At 8:59 AM, Blogger Bob In Pacifica said...

The problem with calling it "Obama's policy" is that it suggests an ownership or a deliberate decision-making process by Obama to continue in this "policy" or to evolve and moderate the "policy" that Bush had in place.

Does anyone really think that the grand poobahs in Washington care about bringing "democracy" to Afghanistan? Or that they invaded it to catch Osama? Please!

This "policy" went back to Jimmy Carter's days, much like Vietnam goes back to Truman's days. The difference is that the American President has much less power today to decide the course of American foreign policy than he did in the wake of WWII. Back then Truman relied on his military and State Department advisors to steer the policies in Southeast Asia. Today the likes of Robert Gates and other less visible characters run the policy. The President goes along.
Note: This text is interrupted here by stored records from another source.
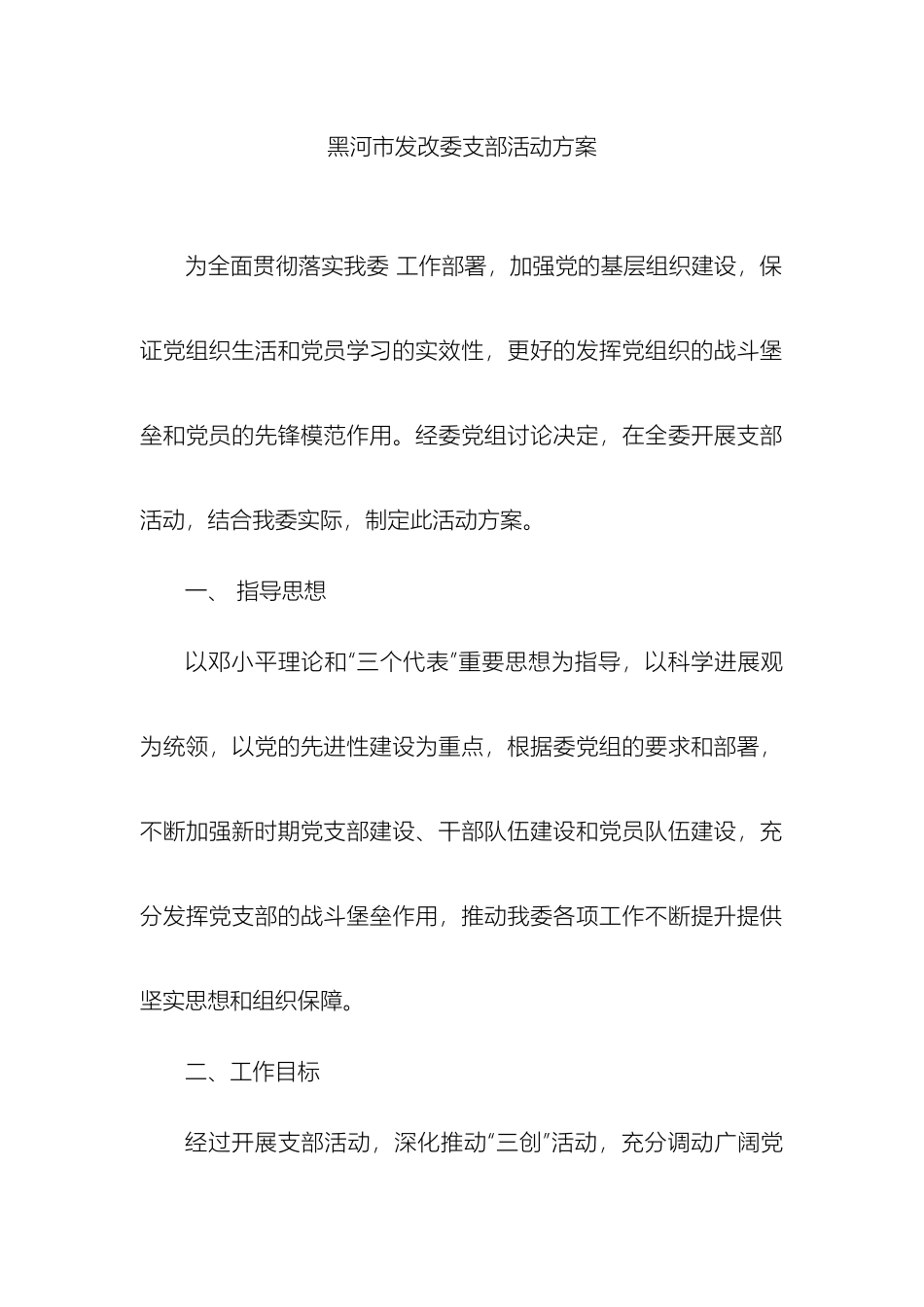 党支部活动方案_第2页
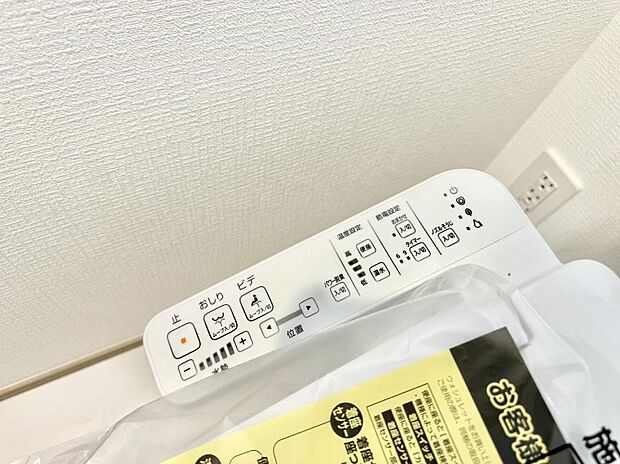 ■温水洗浄で快適、清潔感が保たれるシャワートイレ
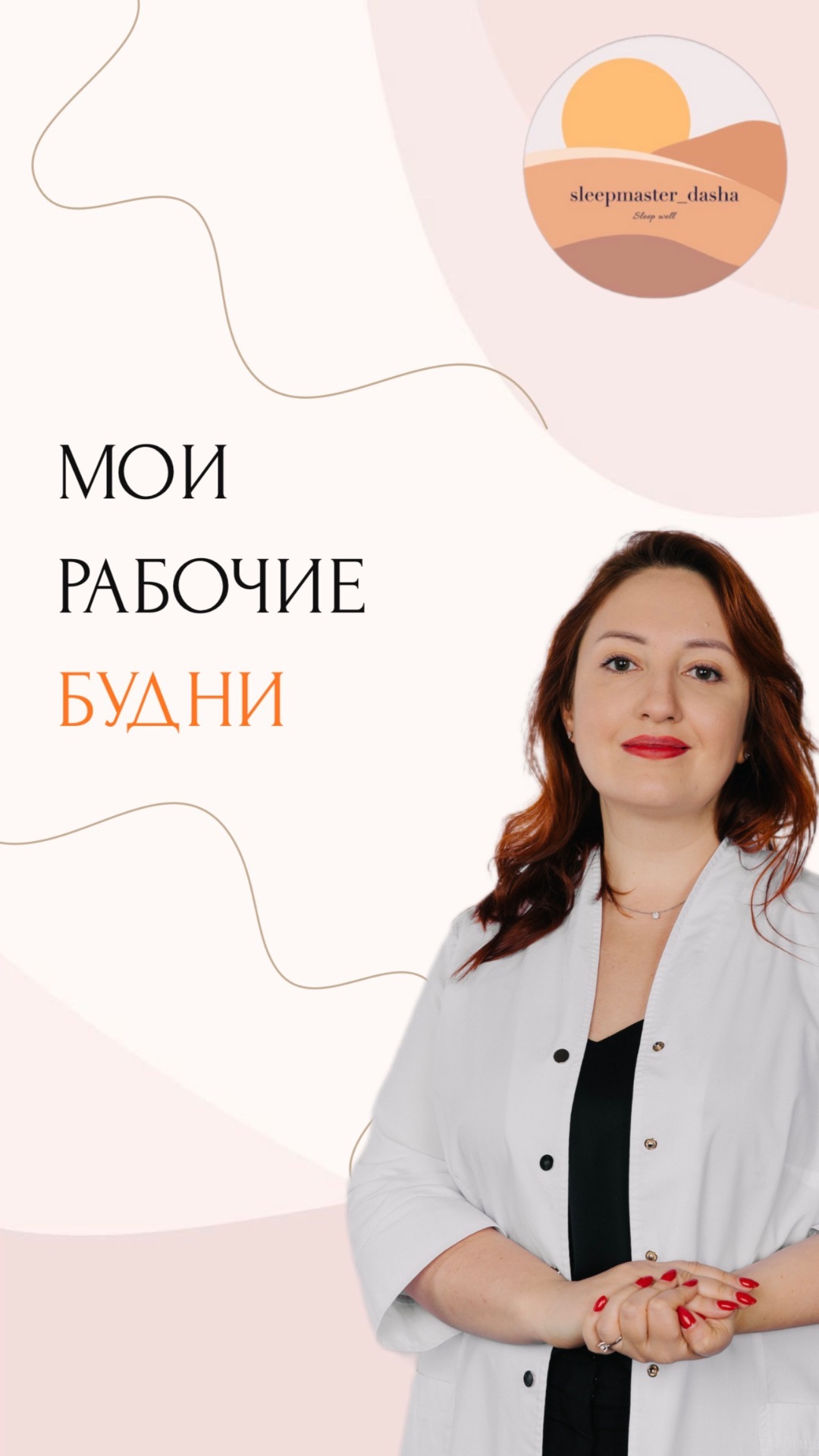 Мои рабочие будни💫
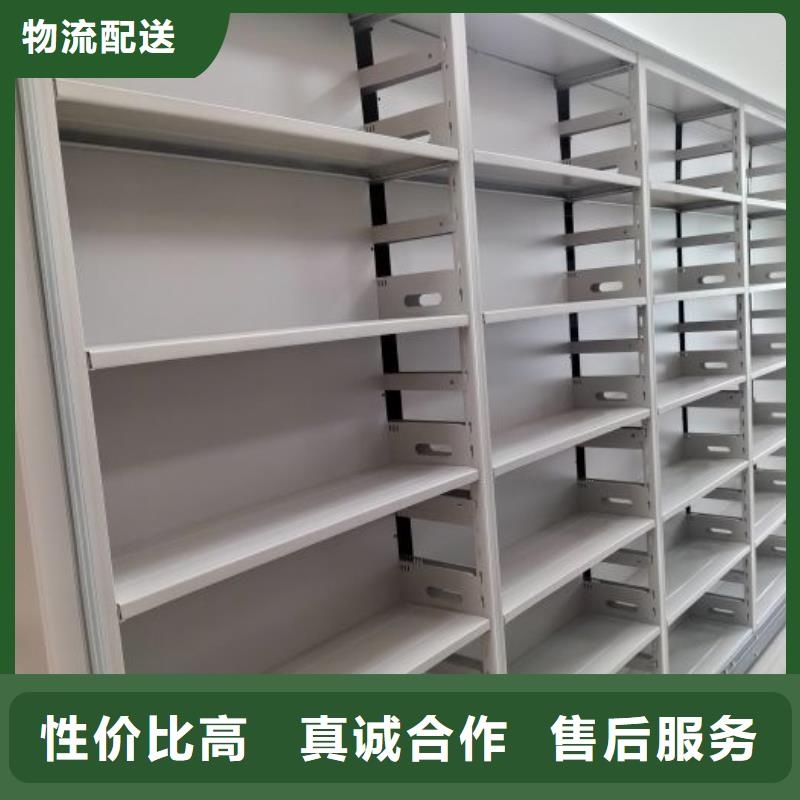 在线咨询【凯美】圆盘式手动密集柜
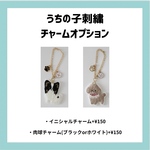 【オプション】イニシャル、肉球チャーム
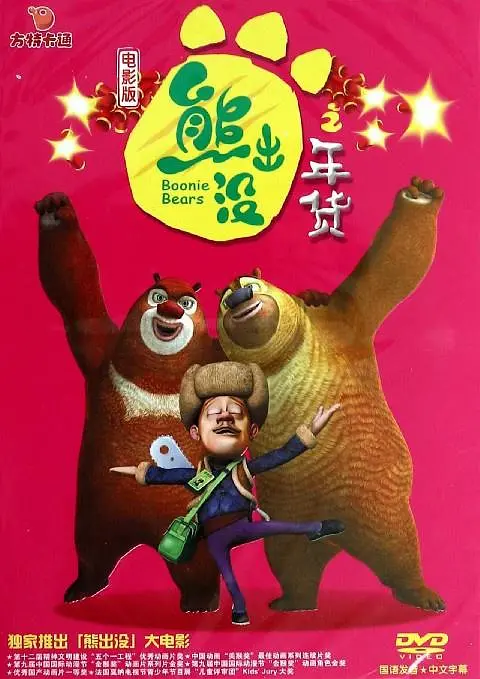 伊人网狼人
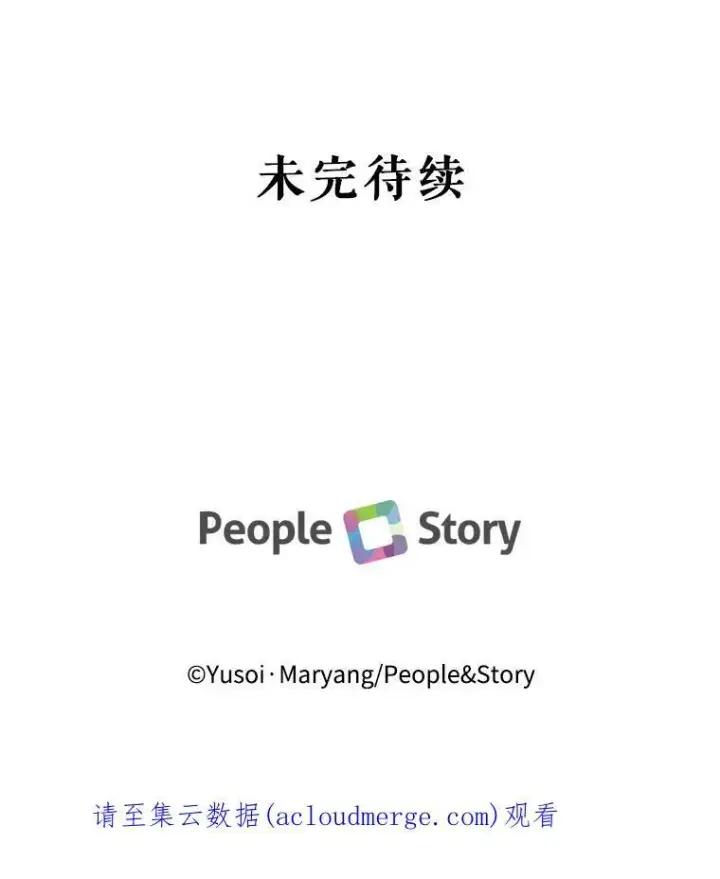 《宝贝皇后殿下》22.生长魔法符图96
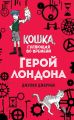 Герой Лондона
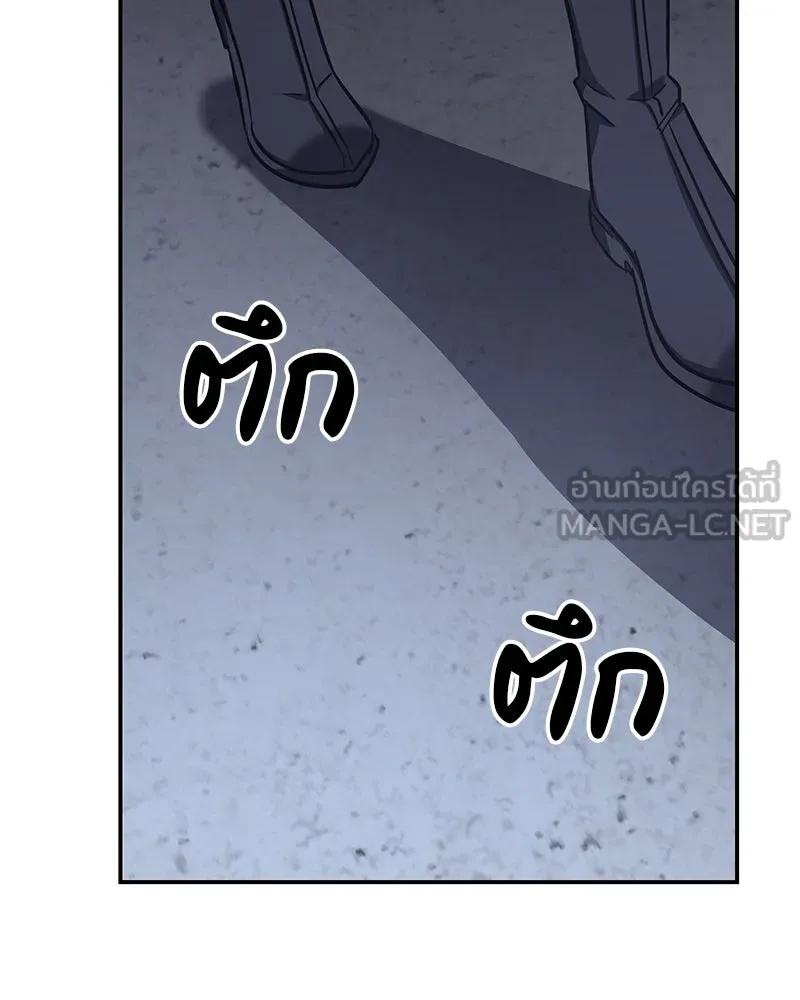 หน้า 129 จาก 234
I have no idea of Obama's personal thoughts on Afghanistan. Quite honestly, it's off-limits for him to express them publicly.

By at least the mid-nineties the idea of building a pipeline to bring oil and natural gas from Central Asia to the Indian Ocean was already in place. Unocal, BP and and the governments representing their interests have been negotiating and overthrowing a series of Afghan regimes since then.

Before WWI "statesman" Herbert Hoover owned the oil rights to much of the oilfields around Baku. All of that was lost in the Russian Revolution. One can see seventy years of the Cold War as an attempt to reacquire those investments.

Of course, with the rump state of the Soviet Union still controlling much of the natural gas that flows to Europe and China (and even Iran) with competing pipeline plans, this really makes the very precarious plan of building and maintaining a pipeline through Afghanistan even more of a risk. But hey, it's only someone else's tax dollars and American and Afghan lives.

 
At 5:40 AM, Blogger Daro said...

Playing polo with the bodies of your enemies... Does this remind anyone else of that ripping yarn movie with Michael Caine and Sean Connery; "The Man Who Would Be King"?

While we're walking back down memory lane does anyone recall why the USA invaded Afghanistan? Because they were harbouring OBL. The same guy the FBI admits there's no evidence against at all. I remember the Taliban offered to hand him over if they could be presented with evidence.